Thursday 9 April 2009

Supply & Demand or Comparable Worth on Wall Street?

At a recent dinner party, a friend's wife remarked that she was grossly overpaid in the financial services industry. "Why do you say that?," I inquired. "Because so many well-educated people do more useful jobs than I do for less money," was her reply. When I reminded her of supply and demand, she agreed that these basic principles of economics should govern the determination of wages but that she still believed she was overpaid. Overpaid or not, she certainly appeared confused.

I was reminded of this conversation as I was reading Steven Pearlstein's column in yesterday's Washington Post.
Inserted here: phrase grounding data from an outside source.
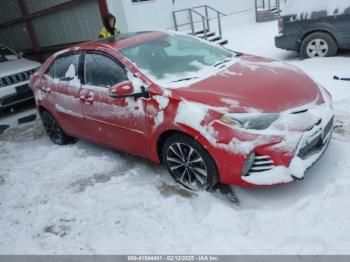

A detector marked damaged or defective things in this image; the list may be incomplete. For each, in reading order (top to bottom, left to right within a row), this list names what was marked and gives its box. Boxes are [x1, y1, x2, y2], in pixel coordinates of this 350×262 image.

damaged front bumper [241, 115, 334, 186]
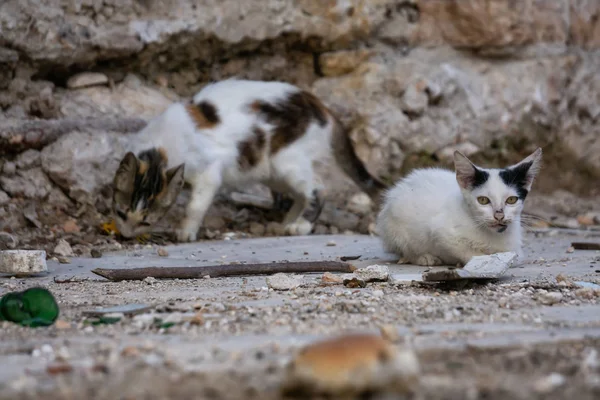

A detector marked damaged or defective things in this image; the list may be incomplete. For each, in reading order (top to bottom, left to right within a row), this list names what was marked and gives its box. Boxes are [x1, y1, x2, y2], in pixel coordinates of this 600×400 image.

chunk of broken concrete [0, 250, 47, 276]
chunk of broken concrete [268, 272, 304, 290]
chunk of broken concrete [354, 266, 392, 282]
chunk of broken concrete [422, 253, 516, 282]
chunk of broken concrete [280, 332, 418, 396]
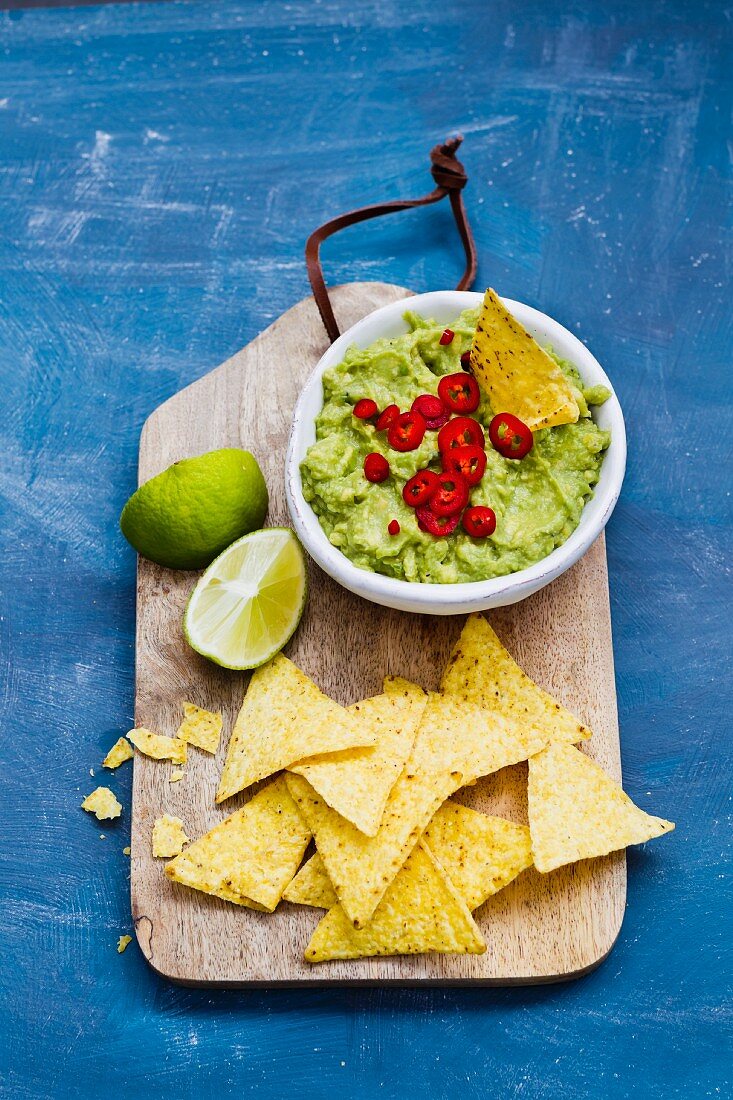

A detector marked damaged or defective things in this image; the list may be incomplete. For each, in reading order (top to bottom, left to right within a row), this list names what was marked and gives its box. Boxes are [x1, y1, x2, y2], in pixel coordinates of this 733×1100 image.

broken chip piece [471, 288, 581, 429]
broken chip piece [81, 787, 121, 822]
broken chip piece [100, 739, 133, 774]
broken chip piece [125, 730, 183, 765]
broken chip piece [150, 818, 188, 858]
broken chip piece [176, 699, 221, 752]
broken chip piece [163, 778, 310, 915]
broken chip piece [214, 651, 374, 800]
broken chip piece [286, 677, 424, 831]
broken chip piece [301, 840, 484, 963]
broken chip piece [440, 611, 589, 756]
broken chip piece [526, 739, 673, 875]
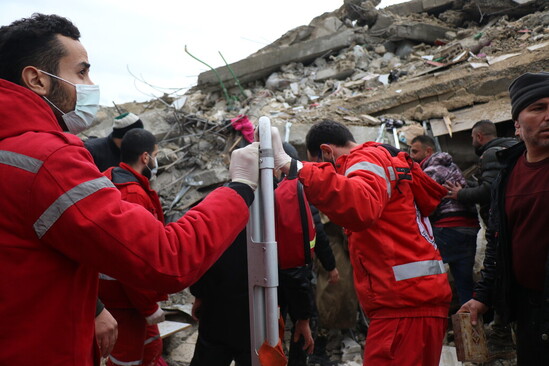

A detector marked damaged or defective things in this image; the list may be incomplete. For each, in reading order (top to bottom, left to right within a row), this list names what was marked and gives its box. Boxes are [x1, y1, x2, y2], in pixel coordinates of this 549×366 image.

broken concrete slab [195, 28, 358, 91]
Pearlstein's view is that overall pay on Wall Street "...got to be ridiculously out of line with that of similarly skilled and equally successful people in other industries." Of course, implicit in that statement is the view that pay for similarly skilled and equally successful people should be in line across industries. Like my recent dinner companion, Pearlstein appears to believe that wages should not be determined in a competitive market for labor governed by the principles of supply and demand.

Pearlstein goes on to list the pernicious effects of high pay. "No matter how it is structured, pay at such astronomical levels has a tendency to swell heads, inflate egos and tempt people to take undue risks of all sorts, ethical as well as financial."
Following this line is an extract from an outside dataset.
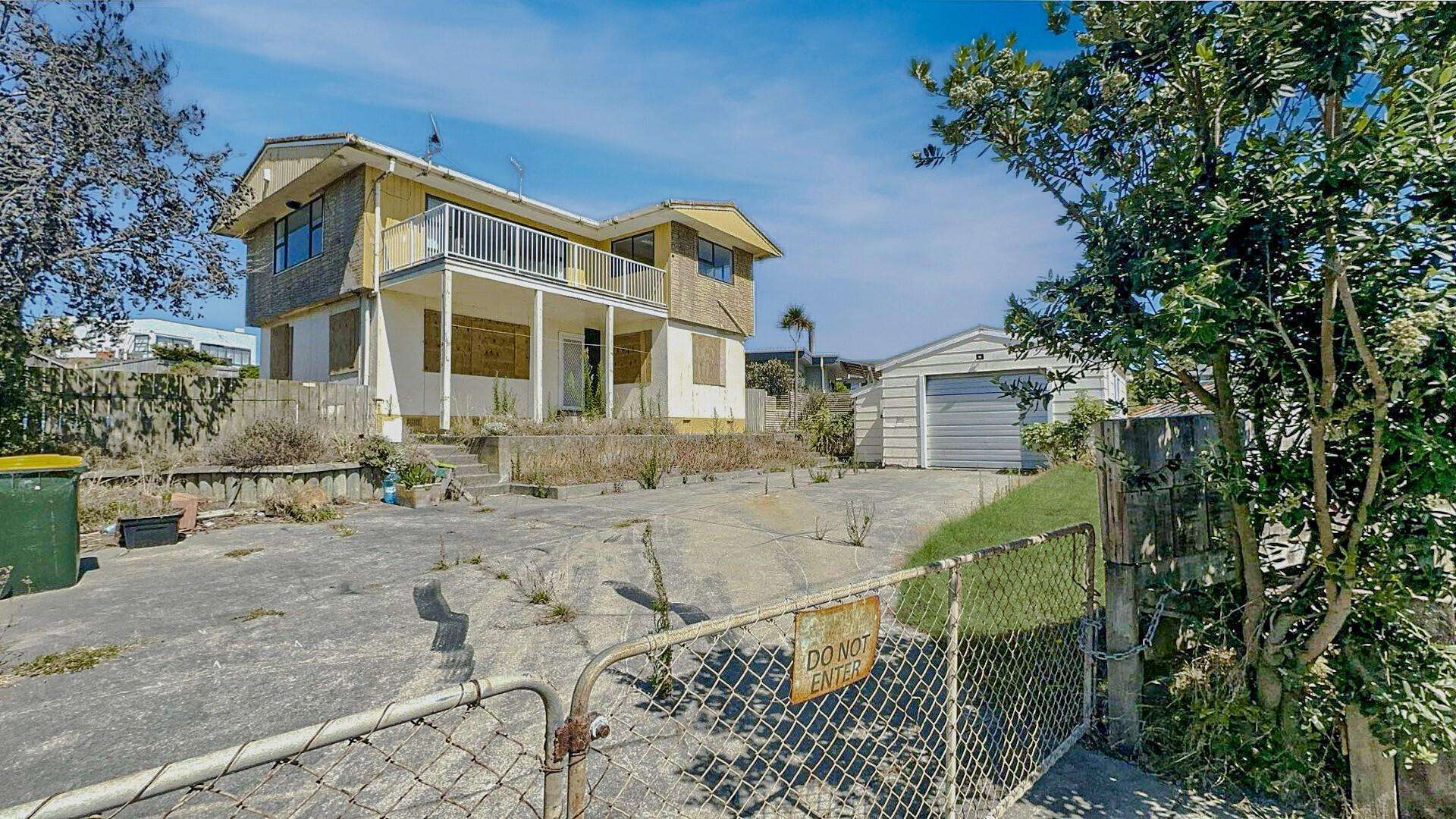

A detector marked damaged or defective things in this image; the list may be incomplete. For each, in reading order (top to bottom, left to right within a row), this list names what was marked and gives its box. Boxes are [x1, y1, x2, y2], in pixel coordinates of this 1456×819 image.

cracked concrete [0, 466, 1287, 810]
rusty metal sign [792, 592, 879, 702]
Let's ignore Pearlstein's remarks about swollen head and inflated egos, since even if they tend to produce great bores, they would seem to pose no risk to the financial system. But what about Pearlstein's claims that high pay tempts people to take undue risks?

Well for every Ken Lay and Bernie Ebbers who exhibit risky behavior, there appear to be a Warren Buffet and Bill Gates, models of prudent behavior. And plenty of people with low pay have been tempted to take undue risks, as the subprime mortgage saga reminds us. As a purely empirical matter, I'm not aware of any correlation between pay and the adoption of risky behavior.

What do the critics of market-based compensation suggest for Wall Street? As it happens, Pearlstein appears no more able to offer a suitable alternative than was my dinner companion.

"The answer to that problem isn't for Congress to use the tax code to effectively legislate pay caps for Wall Street. In the current climate, however, the only way to beat back such bad ideas is to find some other ways of stopping and reversing the Wall Street arms race on pay."

At least Pearlstein recognizes that legislating pay caps is a bad idea. But he still believes there's an imperative to find some approach that would result in lower pay on Wall Street.

Pearlstein is no doubt aware of the hundreds of thousands of layoffs on Wall Street and in the City of London. And he must be aware that average pay in the financial services industry is now running significantly lower than it has in years. In other words, the principles of supply and demand are already resulting in the wage declines that Pearlstein advocates. Yet Pearlstein still feels the need for some other method to cap pay on Wall Street, presumably on a sustained basis.

I suspect Pearlstein's objections to the determination of wages via supply and demand is that these economic principles allowed Wall Street pay to get "ridiculously out of line with that of similarly skilled and equally successful people in other industries." But if pay on Wall Street was "ridiculously out of line" with pay in other sectors, it was not the result of pernicious Wall Street traders undermining the political process to forestall needed regulation, as Pearlstein claims. Rather, it was the result of prices adjusting to bring labor supply in line with labor demand on Wall Street.

If Pearlstein someday finds a better way to determine wages in the labor market, we'll look forward to the day when the allocation of resources is consistent with similar wages for equally-successful people with similar skills. But until then, and notwithstanding the current recession, Pearlstein's angst is a small price to pay for a system that has worked so well in so many countries for so many years.